A quella che è la commemorazione doverosa e ufficiale di Mario Ferrero su queste colonne – sono le parole di Felice Borel su “Hurrà Juventus” del maggio 1964 – desidero aggiungere una breve, accorata rievocazione personale di quello che fu un mio caro e valente compagno di squadra. Il ricordo di Lui si mescola per me in un fiume straripante di bellissimi ricordi che risalgono al periodo più indimenticabile della mia carriera di calciatore: risalgono a un’epoca in cui ottimi campioni giocavano un bellissimo calcio e facevano grande la Juventus. La simpatica figura di Ferrero io la rivedo oggi nella commozione del rimpianto come quella di un atleta forte e leale, di un giocatore intelligente e di alto, sicuro rendimento.
Ma soprattutto lo ripenso e lo ripenserò sempre con affettuosa stima per il suo temperamento serio e modesto, virtù di fondo che accaparra sempre, ai «veramente migliori», una corrente spontanea e indelebile di simpatia e di ammirazione. Egli è stato il meraviglioso «rincalzo di campioni che più di Lui restano famosi nella storia del calcio nazionale e addirittura mondiale: per chi però, come me, L’ha conosciuto e apprezzato da vicino, Egli, non meno di quelli, resta impresso nella memoria come una figura di atleta e di uomo degna di stima profonda, convinta e sempre viva.
Riassumere in breve l’attività agonistica di Mario Ferrero, il forte atleta degli anni 1924-1934, non è un’impresa facile. Del resto forse meglio così, che Ferrero giocatore sobrio, di poche parole, non avrebbe mai voluto che si spendessero per lui inutili frasi retoriche. Vera tempra di torinese, nato nel 1903, si era dedicato da giovanissimo al calcio, proprio nell’immediato primo dopoguerra, ed era riuscito in poco tempo ad affermarsi come un giocatore di valore nelle file del Pastore, la squadra torinese ormai scomparsa, che al primo campionato, dopo l’interruzione, del 1919-20, vinto dall’Internazionale, partecipò al campionato di Serie A. Ferrero passò alla Juventus, all’inizio della stagione 1925-26.
Attaccante di buon rendimento giocò alla Juventus per un buon periodo come centroattacco e interno sinistro.

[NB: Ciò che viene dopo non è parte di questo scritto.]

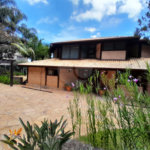 Casa à venda com 4 quartos, sendo 2 suítes, no condomínio Cantareira, Mairiporã - SP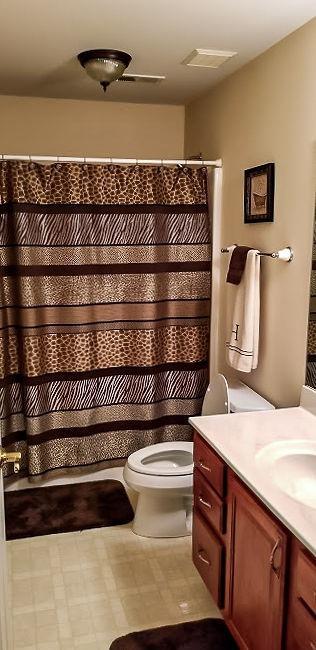 4575 Morrow Meadow Dr, Morrow, OH 45152 photo 42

Lo troviamo così per la prima volta campione d’Italia con la Juventus nel 1925-26, la squadra di Combi; Rosetta, Allemandi; Barale, Meneghetti, Viola; Munerati, Vojak, Hirzer e Torriani.
Giocatore d’ordine, dal rendimento costante doveva però affermarsi come terzino ambidestro. Venne così a costituire, per sei anni, la riserva fissa di Rosetta e Caligaris, una riserva che quando fu chiamata all’opera mai fece rimpiangere i pur grandi titolari. Eccelleva nel gioco di testa, avendo una formidabile elevazione, e tecnicamente godeva dei benefici di essere stato in gioventù un attaccante: mai nessuna entrata spericolata, il suo gioco apparve sempre misurato e redditizio anche se poco appariscente e spettacolare.
In quattro campionati, nel periodo del «quinquennio», dal 1930 al 1934, Mario Ferrero, disputò 35 gare in prima squadra, conquistando quattro scudetti. Ricordiamo le presenze di Ferrero nella Juventus campione per anno: 1930-31: 6 presenze al posto di Rosetta; 1931-32: 21 presenze di cui 20 in sostituzione di Caligaris e 1 di Rosetta; 1932-33: 5 presenze per 2 assenze di Caligaris e 3 di Rosetta e ancora 3 presenze nel 1933-34. Come si vede Mario Ferrero fu la «riserva di lusso» per la coppia nazionale Rosetta-Caligaris. Se avesse voluto cambiare società avrebbe potuto affermarsi in qualsiasi complesso nazionale.
Solo al termine della carriera, cioè nell’anno 1934-35, si decise a trasferirsi alla Sampierdarenese. Da tutti i juventini Mario Ferrero sarà ricordato con affetto come atleta taciturno e sobrio. Un professionista serio che ha percorso i tempi.